Entries taken from a collection
________________
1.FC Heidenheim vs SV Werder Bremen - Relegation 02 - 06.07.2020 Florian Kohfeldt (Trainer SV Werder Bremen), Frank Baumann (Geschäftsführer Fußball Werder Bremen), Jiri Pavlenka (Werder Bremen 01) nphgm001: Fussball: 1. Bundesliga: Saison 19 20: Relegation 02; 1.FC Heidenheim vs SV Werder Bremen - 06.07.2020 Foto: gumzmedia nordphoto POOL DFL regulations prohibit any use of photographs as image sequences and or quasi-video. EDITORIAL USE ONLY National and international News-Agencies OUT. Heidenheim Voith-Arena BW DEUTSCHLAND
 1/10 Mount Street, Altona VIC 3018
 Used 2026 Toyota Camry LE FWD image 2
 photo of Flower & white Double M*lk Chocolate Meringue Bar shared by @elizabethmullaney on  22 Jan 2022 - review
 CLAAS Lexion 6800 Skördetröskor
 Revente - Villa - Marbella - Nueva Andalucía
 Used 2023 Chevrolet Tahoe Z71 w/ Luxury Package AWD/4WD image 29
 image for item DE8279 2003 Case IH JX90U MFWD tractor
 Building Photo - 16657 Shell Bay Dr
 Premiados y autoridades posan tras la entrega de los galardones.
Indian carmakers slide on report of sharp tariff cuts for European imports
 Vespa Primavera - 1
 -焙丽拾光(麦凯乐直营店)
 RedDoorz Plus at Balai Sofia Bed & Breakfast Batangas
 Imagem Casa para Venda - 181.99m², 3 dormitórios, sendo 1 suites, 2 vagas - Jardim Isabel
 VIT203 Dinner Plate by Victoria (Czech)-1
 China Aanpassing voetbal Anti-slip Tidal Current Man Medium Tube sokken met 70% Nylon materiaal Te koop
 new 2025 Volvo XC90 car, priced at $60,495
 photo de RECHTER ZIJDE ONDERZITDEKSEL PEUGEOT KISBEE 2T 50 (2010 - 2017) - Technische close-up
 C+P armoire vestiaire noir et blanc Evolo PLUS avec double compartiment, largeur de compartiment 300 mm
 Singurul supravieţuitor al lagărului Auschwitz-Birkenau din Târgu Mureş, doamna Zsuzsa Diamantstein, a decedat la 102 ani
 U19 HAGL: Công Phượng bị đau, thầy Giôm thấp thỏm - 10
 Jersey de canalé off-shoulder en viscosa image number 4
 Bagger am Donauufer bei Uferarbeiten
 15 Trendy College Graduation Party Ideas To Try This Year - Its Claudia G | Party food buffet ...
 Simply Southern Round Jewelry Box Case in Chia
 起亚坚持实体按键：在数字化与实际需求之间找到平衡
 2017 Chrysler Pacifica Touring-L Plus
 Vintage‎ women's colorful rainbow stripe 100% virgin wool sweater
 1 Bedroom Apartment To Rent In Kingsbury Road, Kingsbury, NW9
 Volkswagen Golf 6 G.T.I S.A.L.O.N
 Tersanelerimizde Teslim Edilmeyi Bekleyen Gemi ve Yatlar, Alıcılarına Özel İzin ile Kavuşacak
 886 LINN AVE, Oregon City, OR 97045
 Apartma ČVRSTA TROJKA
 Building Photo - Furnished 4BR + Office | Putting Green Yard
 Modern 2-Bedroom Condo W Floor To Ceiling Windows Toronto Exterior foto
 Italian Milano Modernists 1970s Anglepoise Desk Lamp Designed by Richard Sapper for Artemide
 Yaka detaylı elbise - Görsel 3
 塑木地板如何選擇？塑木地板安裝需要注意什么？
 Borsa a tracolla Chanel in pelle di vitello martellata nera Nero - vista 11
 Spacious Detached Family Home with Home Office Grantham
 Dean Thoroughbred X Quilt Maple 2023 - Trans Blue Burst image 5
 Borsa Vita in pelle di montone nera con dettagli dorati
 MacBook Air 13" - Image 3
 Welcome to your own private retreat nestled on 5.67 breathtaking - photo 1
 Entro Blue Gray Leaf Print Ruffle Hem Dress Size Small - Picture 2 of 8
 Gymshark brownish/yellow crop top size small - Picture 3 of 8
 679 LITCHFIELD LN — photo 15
________________
EXERCISE
Once you find the line with "RedDoorz Plus at" in the entries above, output it and each line after it up to and including the line with "塑木地板如何選擇？塑木地板安裝需要注意什么？", and nothing else.

SOLUTION TO THE EXERCISE
 RedDoorz Plus at Balai Sofia Bed & Breakfast Batangas
 Imagem Casa para Venda - 181.99m², 3 dormitórios, sendo 1 suites, 2 vagas - Jardim Isabel
 VIT203 Dinner Plate by Victoria (Czech)-1
 China Aanpassing voetbal Anti-slip Tidal Current Man Medium Tube sokken met 70% Nylon materiaal Te koop
 new 2025 Volvo XC90 car, priced at $60,495
 photo de RECHTER ZIJDE ONDERZITDEKSEL PEUGEOT KISBEE 2T 50 (2010 - 2017) - Technische close-up
 C+P armoire vestiaire noir et blanc Evolo PLUS avec double compartiment, largeur de compartiment 300 mm
 Singurul supravieţuitor al lagărului Auschwitz-Birkenau din Târgu Mureş, doamna Zsuzsa Diamantstein, a decedat la 102 ani
 U19 HAGL: Công Phượng bị đau, thầy Giôm thấp thỏm - 10
 Jersey de canalé off-shoulder en viscosa image number 4
 Bagger am Donauufer bei Uferarbeiten
 15 Trendy College Graduation Party Ideas To Try This Year - Its Claudia G | Party food buffet ...
 Simply Southern Round Jewelry Box Case in Chia
 起亚坚持实体按键：在数字化与实际需求之间找到平衡
 2017 Chrysler Pacifica Touring-L Plus
 Vintage‎ women's colorful rainbow stripe 100% virgin wool sweater
 1 Bedroom Apartment To Rent In Kingsbury Road, Kingsbury, NW9
 Volkswagen Golf 6 G.T.I S.A.L.O.N
 Tersanelerimizde Teslim Edilmeyi Bekleyen Gemi ve Yatlar, Alıcılarına Özel İzin ile Kavuşacak
 886 LINN AVE, Oregon City, OR 97045
 Apartma ČVRSTA TROJKA
 Building Photo - Furnished 4BR + Office | Putting Green Yard
 Modern 2-Bedroom Condo W Floor To Ceiling Windows Toronto Exterior foto
 Italian Milano Modernists 1970s Anglepoise Desk Lamp Designed by Richard Sapper for Artemide
 Yaka detaylı elbise - Görsel 3
 塑木地板如何選擇？塑木地板安裝需要注意什么？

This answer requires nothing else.